Exercise aim:
An exact transcription is needed, starting at the line containing "Snickers Workwear schilders" and running through the last line of the records, with every picture left out.

Data for this task:
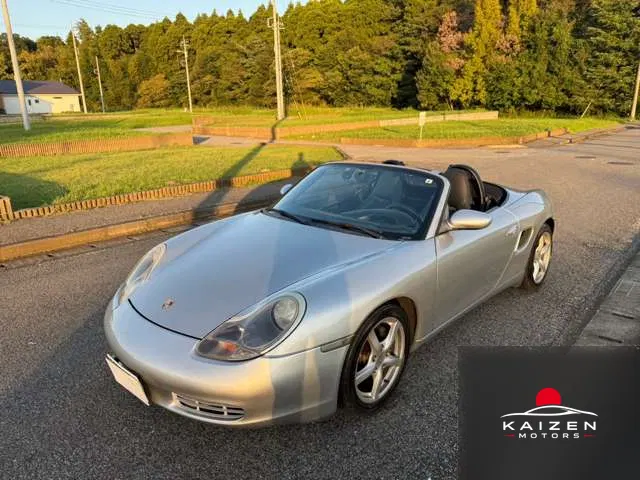 Porsche Boxster 2.7 2003 — photo 1 sur 8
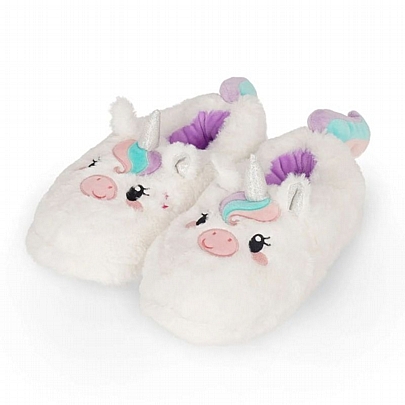 Παντόφλες για το Σπίτι Cosy Slippers - Unicorn (39-41/Medium) - Legami Παντόφλες για το Σπίτι Cosy Slippers - Unicorn (39-41/Medium) - Legami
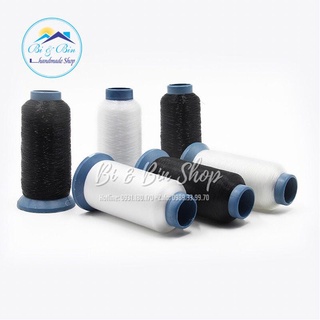 Cuộn Cước Nhiều Size Làm Phụ Kiện Handmade, Xỏ Chuỗi Làm Trang Sức
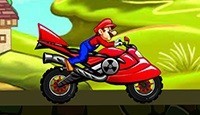 Mario. Friendly Race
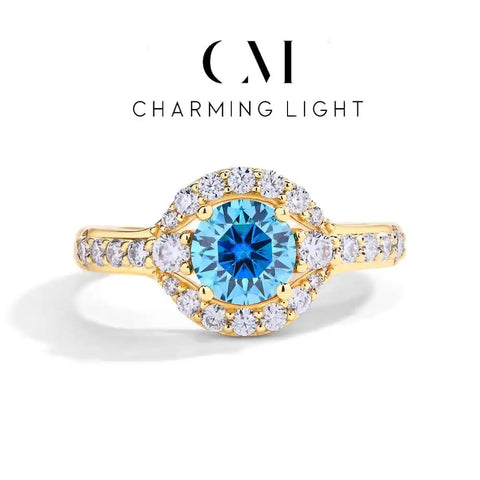 CHARMING Fine 1.0CT  Rings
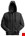 Snickers Workwear schilders zip hoodie - 2801 - zwart - maat 3XL
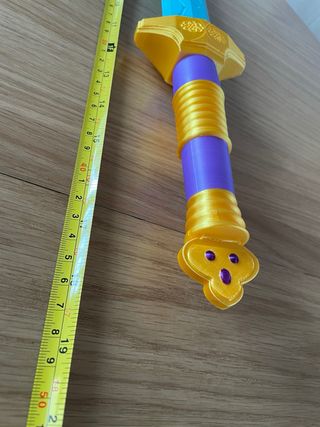 Espada Juguete Rumi Huntrix Azul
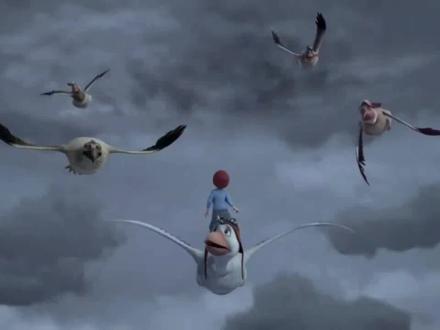 《骑鹅旅行记》什么是龙卷风,如何避险#我在抖音看动画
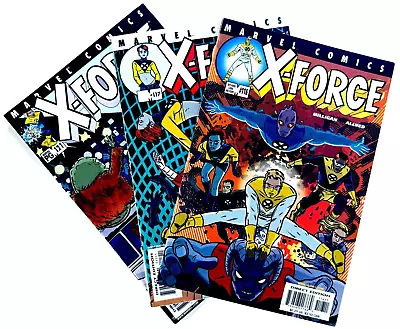 Buy Marvel X-FORCE (2001) #116 117 121 1st X-STATIC +DOOP Key VF To VF/NM Ships FREE • 22.30£
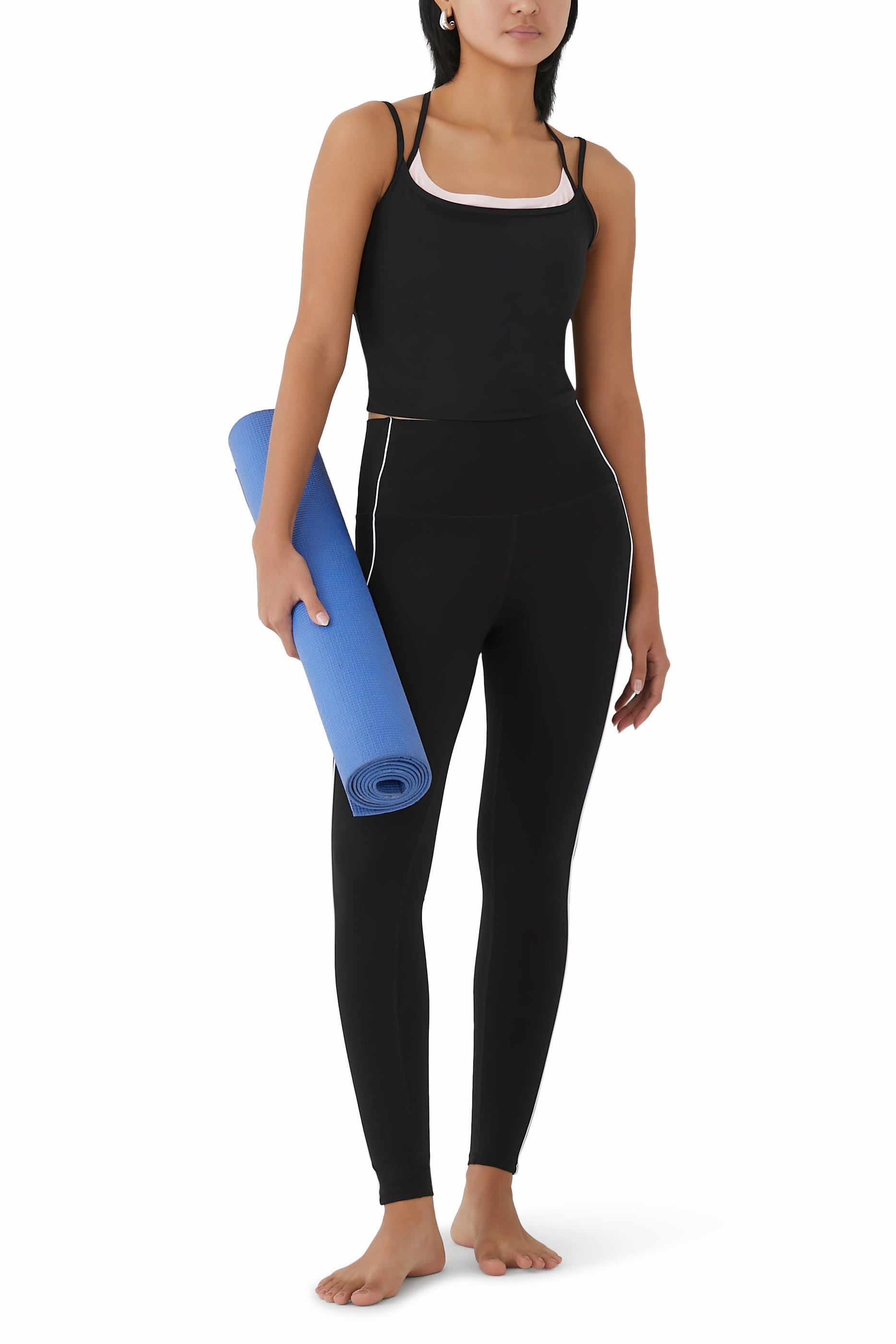 بلوزة ديستورشن بلا أكمام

Reply:
 Snickers Workwear schilders zip hoodie - 2801 - zwart - maat 3XL
 Espada Juguete Rumi Huntrix Azul
 《骑鹅旅行记》什么是龙卷风,如何避险#我在抖音看动画
 Buy Marvel X-FORCE (2001) #116 117 121 1st X-STATIC +DOOP Key VF To VF/NM Ships FREE • 22.30£
 بلوزة ديستورشن بلا أكمام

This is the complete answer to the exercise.